On Sat, 23 Feb 2002 16:19:34 -0600, Kat <gertie at PELL.NET> wrote:

>Sounds like we need more and more an option to eliminate that 4byte 
>package for special defines, Rob. Even if it's 2bytes, that saves some of us 
>100's of megs of memory. How about a way to "include" the included file that 
>loads these big files? If the "include as" syntax knows more about the 
>contents of the vars and procedures in that file,, can the var tags be reduced 
>to 2 bytes? 

You can always squeeze 3 bytes into each entry with ((a*256)+b)*256+c,
though obviously that means you have to unpack them before use.
If you download Mike's editor from the archives that contains
analyse.e which manages to pack four "eu-chars" into a single integer.
If there were any bugs in that code the editor would crash and burn
all the time, and it don't.

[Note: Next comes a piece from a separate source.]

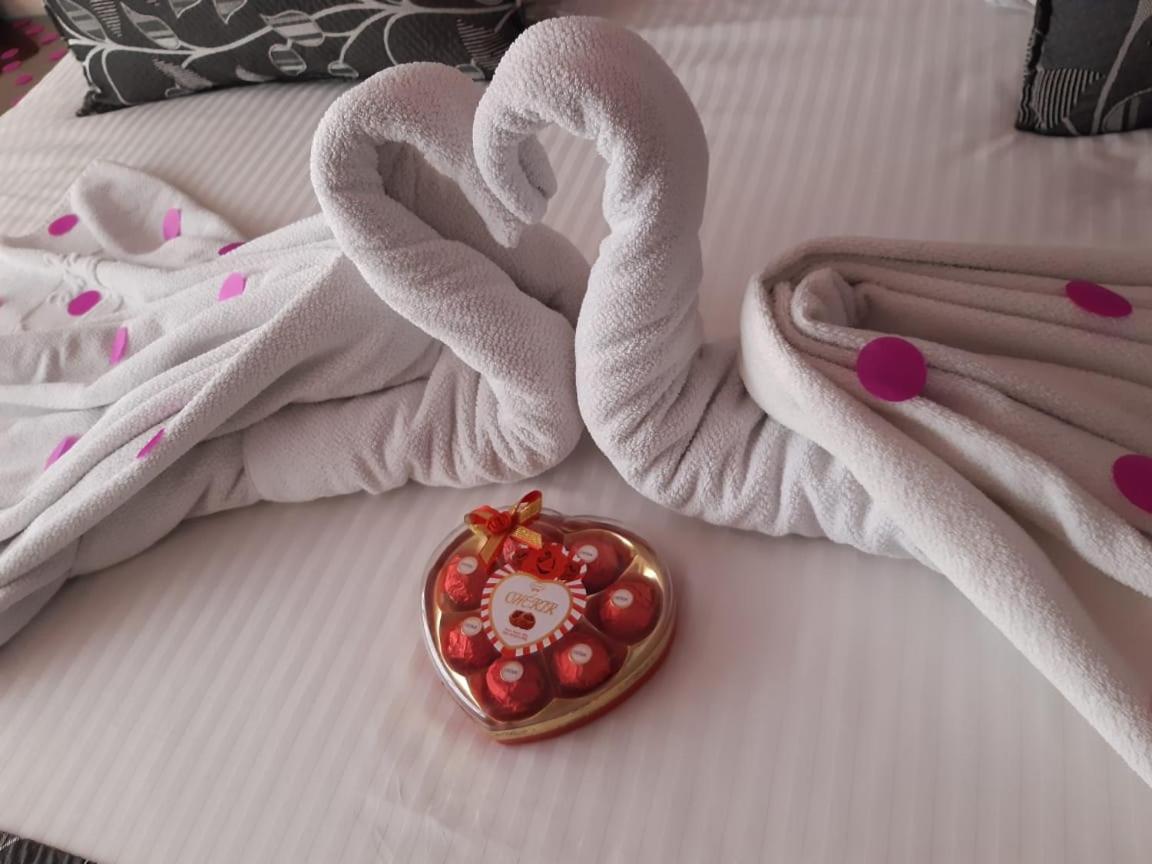 Aw Hotel Salitre Real ボゴタ エクステリア 写真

Performance hit is < 5 seconds to load a
673K file, not bad - and presumably saves about 2MB of memory.

Pete

PS This is an "eu-char":
global function TextToAnalysedLine(sequence line) -- analyse text line
to an intermediate state
-- suitable for storing (compressing). Newline chars not allowed
-- result is a 1-d eu_char SEQUENCE with indici for keywords &
builtins &  comments
-- plus tab is remapped

-- 1-24		index for keywords
-- 25-29	[unused]
-- 30		comment indicator
-- 31		re-mapped TAB
-- 32-127	ascii chars
-- 128-214	index for builtin routines - some excess space is here to
absorb future additions

To get 4 bytes into an integer, they must be 0..214 not 0..255.